Half of all medicines sold in France are either useless or dangerous, according to a book authored by two eminent French medical experts.
According to Philippe Even, former head of the Necker Hospital in Paris, and Bernard Debré, a doctor and member of parliament for the opposition UMP party, one in two medicines sold in pharmacies have absolutely no health benefit, while 5% are actively harmful.
Even told daily newspaper Le Parisien on Thursday that he and Debré had decided to conduct the study in the wake of the “Mediator” scandal. Mediator, a drug for controlling diabetes, is suspected of causing hundreds of deaths.
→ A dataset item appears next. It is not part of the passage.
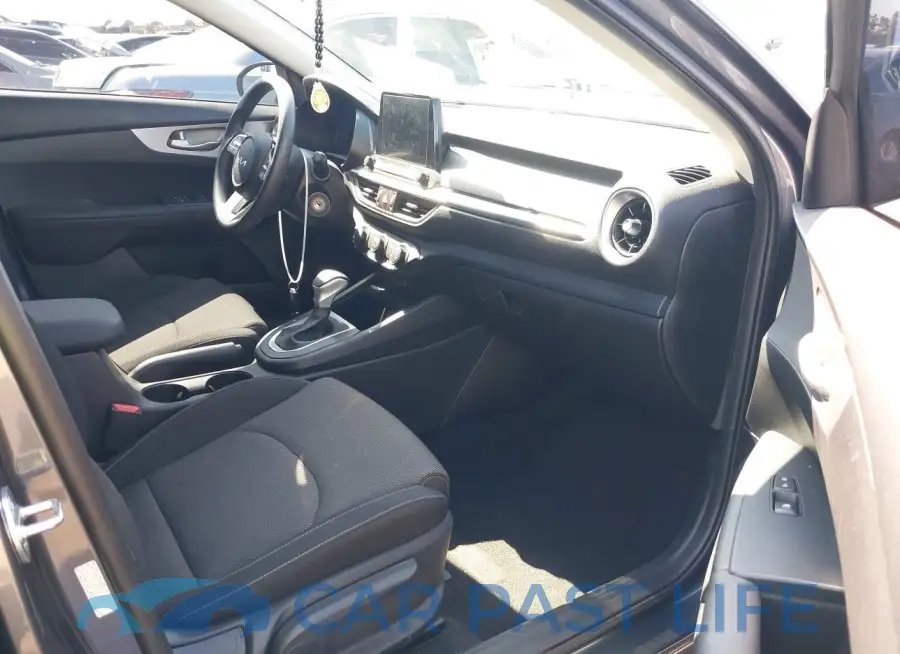 3KPF24AD3RE701214# 5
In their book “4,000 useful, useless and dangerous medicines” they calculate that the French state would save up to 10 billion euros a year by halting social security reimbursements on drugs they say have either no value or are outright dangerous.
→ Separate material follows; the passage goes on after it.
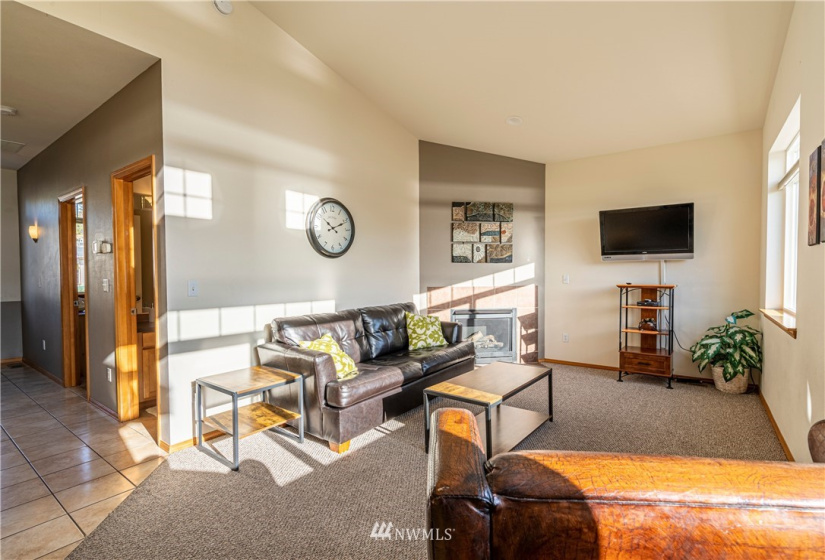 744 Wapato Way, Manson, Washington 98831, ,Residential Income,For Sale,Manson Bloc,Wapato Way,NWM1864822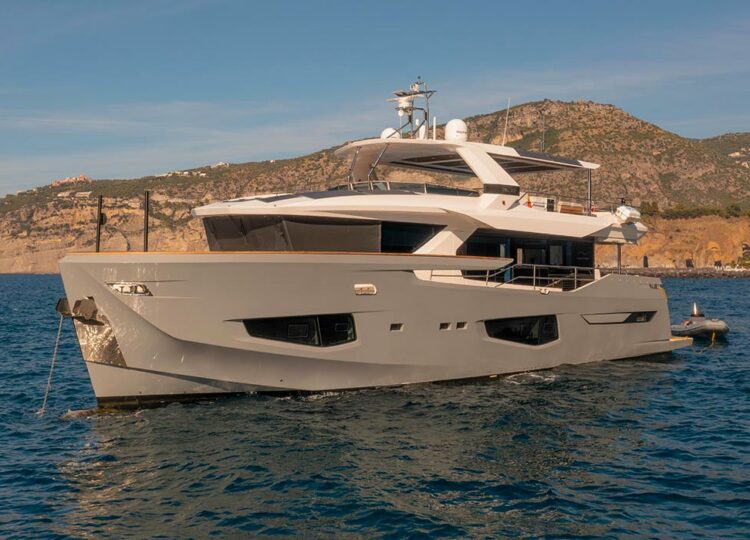 Kamoka yacht for charter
They blamed “pressure from the pharmaceutical industry on government and doctors” for filling pharmacies with superfluous and unnecessary products, while the removal of discredited medicines from the market was “extremely rare”.
France is the world’s fifth-largest consumer of medicines, behind the US, China, Germany and Ireland.
The average French citizen will get through 47 medicine packs, prescription or otherwise, every year – at a cost of 532 euros per person, which equates to 12% of GDP. The state shoulders 77% of the cost.
In the UK, by comparison, spending on medicines is 9.6% of GDP.